*** Data records ***
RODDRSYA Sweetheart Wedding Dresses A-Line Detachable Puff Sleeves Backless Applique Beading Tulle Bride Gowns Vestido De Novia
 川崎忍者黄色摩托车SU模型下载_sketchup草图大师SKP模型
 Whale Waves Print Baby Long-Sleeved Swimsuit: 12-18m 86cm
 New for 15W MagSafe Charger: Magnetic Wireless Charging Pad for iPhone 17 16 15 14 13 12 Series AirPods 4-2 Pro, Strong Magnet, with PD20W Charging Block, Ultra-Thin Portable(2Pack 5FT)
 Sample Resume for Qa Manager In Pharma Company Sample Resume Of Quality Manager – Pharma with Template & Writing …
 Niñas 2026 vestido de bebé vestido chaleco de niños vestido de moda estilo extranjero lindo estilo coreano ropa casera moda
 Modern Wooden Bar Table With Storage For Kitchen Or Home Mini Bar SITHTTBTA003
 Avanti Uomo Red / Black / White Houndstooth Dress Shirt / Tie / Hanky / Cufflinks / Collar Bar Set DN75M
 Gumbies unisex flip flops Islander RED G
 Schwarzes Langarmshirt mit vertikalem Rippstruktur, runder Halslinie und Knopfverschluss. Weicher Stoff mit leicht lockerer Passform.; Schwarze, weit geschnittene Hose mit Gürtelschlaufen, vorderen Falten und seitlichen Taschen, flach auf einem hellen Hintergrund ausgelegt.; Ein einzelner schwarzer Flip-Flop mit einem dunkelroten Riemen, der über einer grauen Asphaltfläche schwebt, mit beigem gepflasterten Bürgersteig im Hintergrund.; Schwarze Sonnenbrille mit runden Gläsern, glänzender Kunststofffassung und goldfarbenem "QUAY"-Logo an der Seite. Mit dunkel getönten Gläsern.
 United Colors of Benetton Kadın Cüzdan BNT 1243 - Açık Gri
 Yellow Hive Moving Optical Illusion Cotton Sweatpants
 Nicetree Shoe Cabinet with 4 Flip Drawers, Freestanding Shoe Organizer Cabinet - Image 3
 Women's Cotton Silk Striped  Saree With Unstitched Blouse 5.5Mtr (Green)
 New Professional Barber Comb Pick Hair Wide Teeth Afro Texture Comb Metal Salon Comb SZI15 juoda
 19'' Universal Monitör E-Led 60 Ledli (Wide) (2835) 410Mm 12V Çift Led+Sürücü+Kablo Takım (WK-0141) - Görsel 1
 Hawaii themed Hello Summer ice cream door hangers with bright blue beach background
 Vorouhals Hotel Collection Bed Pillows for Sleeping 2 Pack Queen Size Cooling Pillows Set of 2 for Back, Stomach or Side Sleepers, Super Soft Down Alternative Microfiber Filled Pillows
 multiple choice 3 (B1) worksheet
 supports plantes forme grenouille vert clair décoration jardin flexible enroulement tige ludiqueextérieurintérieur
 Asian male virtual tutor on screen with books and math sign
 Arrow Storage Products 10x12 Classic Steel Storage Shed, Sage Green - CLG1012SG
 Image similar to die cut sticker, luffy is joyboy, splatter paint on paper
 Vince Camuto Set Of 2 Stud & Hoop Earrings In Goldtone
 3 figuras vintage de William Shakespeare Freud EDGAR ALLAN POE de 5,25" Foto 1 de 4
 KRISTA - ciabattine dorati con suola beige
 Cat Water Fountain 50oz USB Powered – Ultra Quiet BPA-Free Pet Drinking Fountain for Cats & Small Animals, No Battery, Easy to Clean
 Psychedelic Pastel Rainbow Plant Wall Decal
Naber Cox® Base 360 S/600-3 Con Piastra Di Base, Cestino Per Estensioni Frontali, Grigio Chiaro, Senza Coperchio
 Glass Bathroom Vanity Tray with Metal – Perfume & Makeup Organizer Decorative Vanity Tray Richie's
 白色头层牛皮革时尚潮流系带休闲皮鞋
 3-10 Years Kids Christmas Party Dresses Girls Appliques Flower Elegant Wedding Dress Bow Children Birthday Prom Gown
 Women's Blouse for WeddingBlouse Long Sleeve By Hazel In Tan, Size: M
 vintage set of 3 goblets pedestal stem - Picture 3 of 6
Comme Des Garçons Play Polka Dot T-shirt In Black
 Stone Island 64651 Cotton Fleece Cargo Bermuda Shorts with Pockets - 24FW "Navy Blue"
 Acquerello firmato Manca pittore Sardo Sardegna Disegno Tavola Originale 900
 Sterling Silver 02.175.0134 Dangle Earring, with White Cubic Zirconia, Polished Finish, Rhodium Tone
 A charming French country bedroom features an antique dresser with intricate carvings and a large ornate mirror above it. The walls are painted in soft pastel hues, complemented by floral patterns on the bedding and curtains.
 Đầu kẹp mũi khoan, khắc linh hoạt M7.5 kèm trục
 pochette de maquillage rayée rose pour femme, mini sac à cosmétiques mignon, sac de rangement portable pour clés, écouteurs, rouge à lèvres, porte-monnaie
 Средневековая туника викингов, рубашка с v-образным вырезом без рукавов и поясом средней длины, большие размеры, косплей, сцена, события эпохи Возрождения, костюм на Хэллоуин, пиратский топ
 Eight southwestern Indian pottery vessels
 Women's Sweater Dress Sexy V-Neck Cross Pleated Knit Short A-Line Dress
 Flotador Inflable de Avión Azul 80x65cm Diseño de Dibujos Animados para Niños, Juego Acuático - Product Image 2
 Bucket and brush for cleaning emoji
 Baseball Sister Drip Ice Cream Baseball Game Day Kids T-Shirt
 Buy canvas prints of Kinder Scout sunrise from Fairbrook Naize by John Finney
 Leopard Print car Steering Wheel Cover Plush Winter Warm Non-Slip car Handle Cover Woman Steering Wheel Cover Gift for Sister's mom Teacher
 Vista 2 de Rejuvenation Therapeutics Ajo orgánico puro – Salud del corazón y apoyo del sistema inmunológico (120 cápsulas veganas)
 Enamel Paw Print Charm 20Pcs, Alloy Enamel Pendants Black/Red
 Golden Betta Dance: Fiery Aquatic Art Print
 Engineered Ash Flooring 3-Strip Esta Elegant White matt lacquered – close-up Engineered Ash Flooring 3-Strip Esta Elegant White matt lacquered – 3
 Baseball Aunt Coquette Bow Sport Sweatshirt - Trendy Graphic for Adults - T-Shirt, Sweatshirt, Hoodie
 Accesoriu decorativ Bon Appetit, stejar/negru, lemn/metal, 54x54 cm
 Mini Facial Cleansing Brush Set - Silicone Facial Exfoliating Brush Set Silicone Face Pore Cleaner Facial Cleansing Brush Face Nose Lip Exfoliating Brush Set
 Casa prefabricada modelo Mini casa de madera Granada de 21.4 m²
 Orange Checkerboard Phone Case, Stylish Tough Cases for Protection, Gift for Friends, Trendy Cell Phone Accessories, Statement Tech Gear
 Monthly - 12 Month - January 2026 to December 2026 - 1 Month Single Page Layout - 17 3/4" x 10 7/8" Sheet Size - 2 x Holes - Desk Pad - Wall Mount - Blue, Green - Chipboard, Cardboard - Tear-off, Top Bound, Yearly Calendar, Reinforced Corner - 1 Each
*** End of Data records ***
> _Exercise objective_:
Answer with a single number: the count of lines in the entries that hold the word "Sister".

> _Result of this task_:
2